Andina

Peru leads middle class growth in Latin America

Centro Comercial Mega Plaza.Foto: ANDINA/Carlos Lezama

Centro Comercial Mega Plaza.Foto: ANDINA/Carlos Lezama

17:30 | Lima, Aug. 28.

Peru has seen Latin America’s greatest increase in people who have shifted out poverty into a growing middle class, according to the United Nations Development Programme (UNDP).

"Between 2000 and 2012, Peru became the country in Latin America and the Caribbean with the largest number of people lifted from poverty into the middle class, being the nation with the highest relative increase in this group (19.1 percentage points),” it was stated in a new report by UNDP.

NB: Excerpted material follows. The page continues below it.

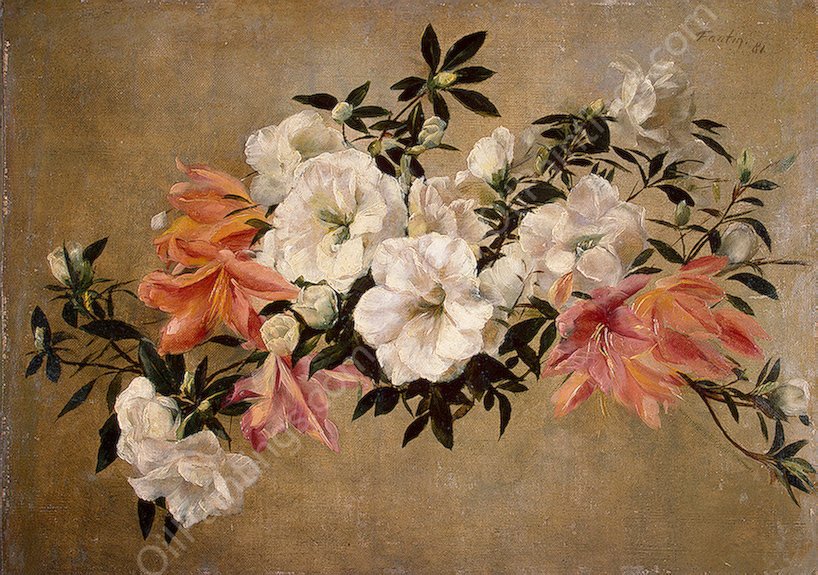 Petunias by Henri Fantin-Latour - Hand-Painted Oil Painting Reproduction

According to the “Profile of social groups in Latin America: the poor, the vulnerable and the middle class,” Peru's poverty levels in the said period fell from 50.5% to 24.2%, while the number of people moving into the middle class increased from 15.2 % to 34.3%.

In the region, the poor population (composed of those earning less than $4 a day) dropped from 41.7% in 2000 to 25.3% in 2012, while the middle class (people earning between $10-50 a day) grew by 82 million people, from 21.9% of the population in 2000 to 34.3% in 2012.

Despite the progress, the UNDP warned that the vulnerable population (those earning between US$4 and US$10 a day) has slightly grown from 35% of the Latin-American population in 2000 to 38 percent in 2012.

The report has assessed 18 countries in the region and was launched in El Salvador to complement a global analysis on vulnerability and resilience presented in Tokyo on 24 August.